Birlik Sağlık Sen Genel Başkanı Ahmet Doğruyol, Son Mühür TV’de yayınlanan Sıcak Bakış programında Ayşegül Koç’un sorularını yanıtladı. Sağlıkta şiddete ilişkin konuşan Doğruyol; “Sağlık Bakanı’na soruyorum; Sağlıkta şiddete yönelik bugüne kadar ne yaptınız? Yapılan hiçbir şey yok. Sadece görsel; Gri kod uygulaması, x ray cihazı… Pansuman tedbirlerle şiddeti engelleyemezsiniz” dedi.
Sendikalarda yüzde iki barajı kalktı
Sendikalarda yüzde iki barajının kalkmasına ilişkin konuşan Doğruyol; “Geçtiğimiz yıl %1 olan baraj, bu yıl %2. Türkiye genelindeki bir iş kolunda çalışan 700 bin kişinin yüzde 1’ini üye yapma koşulu. Eğer üye yapamazsanız oradaki sendika tazminatının belirli bir bölümünü alamaması vardı. Bu yargı yoluyla iptal edilmişti. Yüzde iki barajında da benzer bir yol var. Bu çok büyük rakamla değil. Bu barajlar neden getiriliyor derseniz. Maalesef iktidarın yanında olan sendikaların iktidarı yönlendirmesi ile bu barajlar geliyor. İktidarın değişmesi yani rüzgarın tersine çevrilmesi halinde yaşanacak üye kayıplarına karşı kendilerini koruma altına alıyorlar. Sendikalarla ilgili yasal bir düzenlemeye ihtiyaç var. Belirli kriterlere ihtiyaç var. Sendika alanda olur, insanlarla diyalog ile olur. Tabelada sendika olan ama yeterli ve yetkili olmayanlar var” dedi.
“Ülkemizin şehir hastanelerine ihtiyacı yoktur”
Sağlıkta yaşanan sorunların temelinde siyasetin bu işlerin içine girmiş olması var diyen Doğruyol; “Mesela şuan İzmir Şehir Hastanesi’nin resmi açılışı yapılmadı. Şehir hastanelerinde verilen tüm hizmetler zaten devlet ve üniversite hastanelerinde verilmekteydi. Vatandaşın evinin dibindeki hastaneyi kapatıp ya da içini boşaltıp, vatandaşı kilometrelerce uzağa göndermenin mantığı nedir? Devlet hastanelerinde yapılamayan ne var ki şehir hastanelerinde yapılıyor?” diye sordu. Doğruyol, şehir hastanelerinin ülkenin sırtına yük olduğunu ifade ederek, “Araştırmalara göre yatak sayısı 300-350 olan hastaneler iyi yönetiliyor. Yatak sayısı 2 bin küsur yataklı Şehir hastaneleri yapıyoruz. Buna gerek yok. Bizim bu sistemden çok hızlı bir şekilde vaz geçmemiz lazım. Eğer vazgeçmezsek ilerleyen yıllarda ülke ekonomisinin sırtında çok büyük bir kambur oluşturacaktır. Bizim ülkemizin şehir hastanelerine ihtiyacı yoktur” açıklamasında bulundu.

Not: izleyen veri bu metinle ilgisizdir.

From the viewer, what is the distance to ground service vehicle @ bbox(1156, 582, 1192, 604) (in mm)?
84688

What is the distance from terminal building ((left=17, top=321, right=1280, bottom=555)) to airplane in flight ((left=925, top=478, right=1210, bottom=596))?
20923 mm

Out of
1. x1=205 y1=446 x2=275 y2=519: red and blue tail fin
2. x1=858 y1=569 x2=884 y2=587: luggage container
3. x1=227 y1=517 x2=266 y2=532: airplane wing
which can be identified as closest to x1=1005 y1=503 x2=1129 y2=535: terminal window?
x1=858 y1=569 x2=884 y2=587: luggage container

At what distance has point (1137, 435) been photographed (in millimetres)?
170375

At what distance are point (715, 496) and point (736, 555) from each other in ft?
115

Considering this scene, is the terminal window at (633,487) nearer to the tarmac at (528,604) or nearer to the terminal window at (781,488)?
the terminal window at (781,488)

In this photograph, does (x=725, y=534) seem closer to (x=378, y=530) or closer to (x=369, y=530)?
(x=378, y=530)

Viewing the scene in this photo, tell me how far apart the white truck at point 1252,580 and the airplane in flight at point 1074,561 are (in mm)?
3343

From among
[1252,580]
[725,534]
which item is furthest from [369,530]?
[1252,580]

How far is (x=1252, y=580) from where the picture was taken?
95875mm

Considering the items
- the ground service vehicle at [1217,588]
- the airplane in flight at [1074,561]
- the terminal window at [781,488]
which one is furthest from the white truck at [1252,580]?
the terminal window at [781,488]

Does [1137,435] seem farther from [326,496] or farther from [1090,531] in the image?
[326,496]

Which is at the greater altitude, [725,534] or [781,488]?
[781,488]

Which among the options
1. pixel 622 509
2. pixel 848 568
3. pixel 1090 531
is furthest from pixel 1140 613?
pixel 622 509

“Sağlık Bakanı’na Soruyorum…”
Sağlıkta şiddet olaylarına ilişkin konuşan Doğruyol “Sağlıkta şiddet için bir şey yapamıyoruz değil, bir şey yapmak istemiyoruz. Şiddet için bir şey yapılmak istenseydi ne şiddet kalırdı ne başka bir şey. Sağlıkta şiddetin bu hale gelmesindeki en büyük sorumlu siyasi erktir. Sağlık Bakanı’na soruyorum; ‘Sağlıkta şiddete yönelik bugüne kadar ne yaptınız?’ Yapılan hiçbir şey yok. Sadece görsel; Gri kod uygulaması, x ray cihazı… Pansuman tedbirlerle şiddeti engelleyemezsiniz” dedi.
“Bitkisel ilaçlarla ilgili düzenlemeye gerekiyor”
Doğruyol; “Bizim hekim ve sağlık personeli arkadaşlarımızın yaptığı iş ve işlemlerin sonrası ortaya çıkabilecek riskler sonucunda açılacak davalar oluyor. Bunların çok ciddi mali sorumlulukları da var. Milyonluk davalar açılıyor. Ancak doktor olmayan farklı birçok yöntemle tedavi yapan, bitkilerle ilaç hazırlayan ya da toplumda şifacı olarak adlandırılan kişilerin yaptığı hataların sonuçları şikayet edilmeleri halinde ufak bir para cezasıyla halledilebiliyor. Bunlarla ilgili ciddi yaptırımlara ve düzenlemelere ihtiyaç var” açıklamasında bulundu.